Arthur Pfefferkorn is a college professor with one critically acclaimed novel far, far in his past. He's avoided his oldest friend, William de Vallee, for years, jealous of his wife and his bestselling oeuvre of thrillers while contemptuous of the non-literary genre. When de Vallee disappears and is declared dead, Pfefferkorn takes a reckless step that pulls him into a world of international intrigue, conspiracy, and double crosses. To rescue de Vallee's widow (with whom he is still in love), he takes on a shadowy assignment from a questionable government agency and ventures into Zlabia, an utterly absurd nation divided into two entirely different cultures. Zlabia is a hoot, and it's to Kellerman's credit that I remained engaged in the action despite the ridiculous aspects of Zlabian politics.

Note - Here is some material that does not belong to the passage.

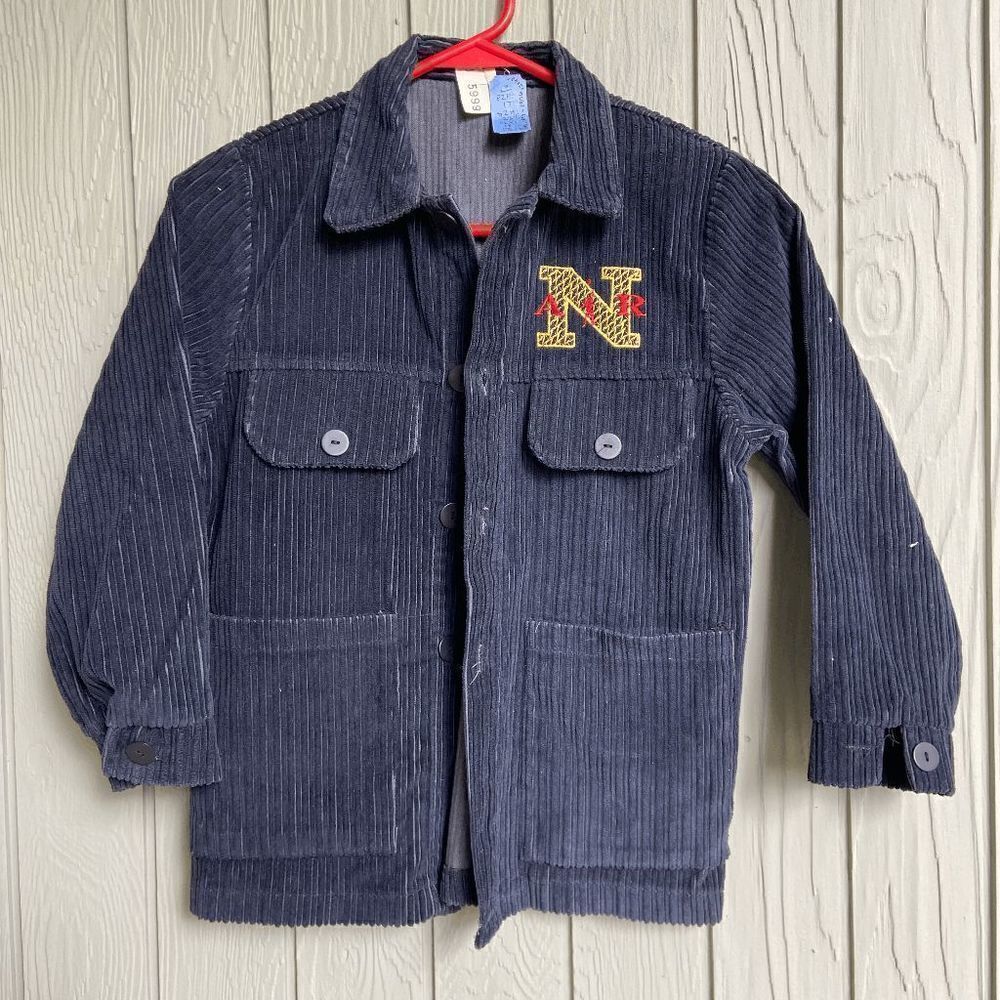Vintage 70s Long Blue Corduroy Kids Jacket with Custom Embroidered Drip - Youth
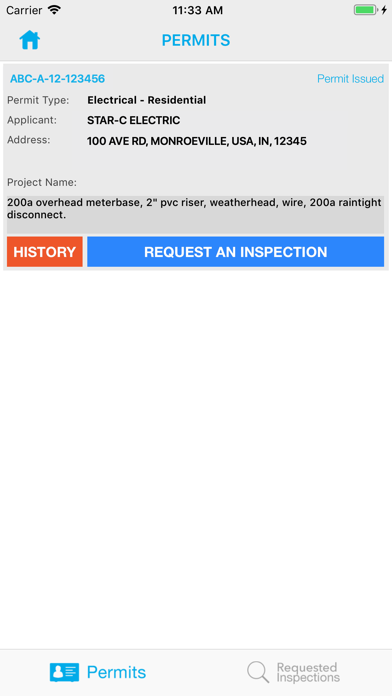 ACBD Inspection Request Screenshot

To point out the cleverest twists would be to spoil the unfolding plot. This is a book I will recommend to everyone I know just so I can talk about it with someone and say, "Wasn't it perfect when Pfefferkorn said X and then Y happened later?!" A devoted thriller fan who sees nothing amusing in the conventions of the genre will not enjoy this book, but anyone who read, say, THE DA VINCI CODE and rolled her eyes at the stilted prose and pat descriptions (while frantically turning the pages to see what happens next) will adore POTBOILER. I am even willing to confess my secret addiction to Clive Cussler's Dirk Pitt novels to illustrate my qualifications in making this recommendation. The over-the-top writing drives me a little crazy and the stereotypes and predictable elements required of the genre make me roll my eyes; yet, I can't not read them.

When Pfefferkorn finally reads a de Vallee novel, he is contemptuous:

"The thirty-third installment in a series, the novel featured special agent Richard "Dick" Stapp, a brilliant, physically invincible figure formerly in the employ of a shadowy but never-named government arm whose apparent sole purpose was to furnish story lines for thrillers. Pfefferkorn recognized the formula easily enough. Stapp, supposedly in retirement, finds himself drawn into an elaborate conspiracy involving one or more of the following: an assassination, a terrorist strike, a missing child, or the theft of highly sensitive documents that, if made public, could lead to full-blown nuclear engagement. His involvement in the case often begins against his will. I've had it with this rotten business he is fond of avowing. Who in real life, Pfefferkorn wondered, avowed anything?"

This over-the-top language turns up in elements of POTBOILER that highlight its absurdity, as in the fabulous description of a character's mustache: "Pfefferkorn could not tell his age, due to a full eighty percent of his face being hidden behind the largest, bushiest, most aggressively expansionist moustache Pfefferkorn had ever seen. It was a a with submoustaches that in turn had sub-submoustaches, each of which might be said to be deserving of its own area code. It was a moustache that vexed profoundly questions of waxing, a moustache the merest glimpse of which might spur female musk oxen to ovulate. It was a moustache that would have driven Nietzsche mad with envy, had he not been mad already. If the three most copiously flowing waterfalls in the world, Niagara, Victoria, and Iguazu Falls, were somehow united, and their combined outputs rendered in facial hair, this man's moustache would not have been an inaccurate model, save that this man's moustache also challenged traditional notions of gravity by growing outward, upward, and laterally. It was an impressive moustache and Pfefferkorn was impressed."

Pfefferkorn is fond of coming up with outlandish ideas and wondering if they might be good premises for a novel. Naturally, these wild plot developments turn up in the Zlabian intrigue. Throughout commentary on the Zlabian hit show The Poem, It Is Bad! and the magical disguising power of mustaches, the overly complicated plot unfolds with precision in ways that are both predictable and unexpected. This is a masterful satire of the thriller genre, but at the same time, a fantastic thriller. It might be the ultimate beach read.

Source disclosure: I received an uncorrected proof of this book through LibraryThing's Early Reviewer program.

1 comment:

Mary said...

Just finished this book. I thought it funny in places and bizarre overall. Too far fetched for literal me. Since you haven't read any of Jesse Kellerman's other books, you can't tell me if they are equally bizarre. I'm tempted to try The Genius because a thriller set in the art world is especially intriguing to me. Don't know when I'll get to it though.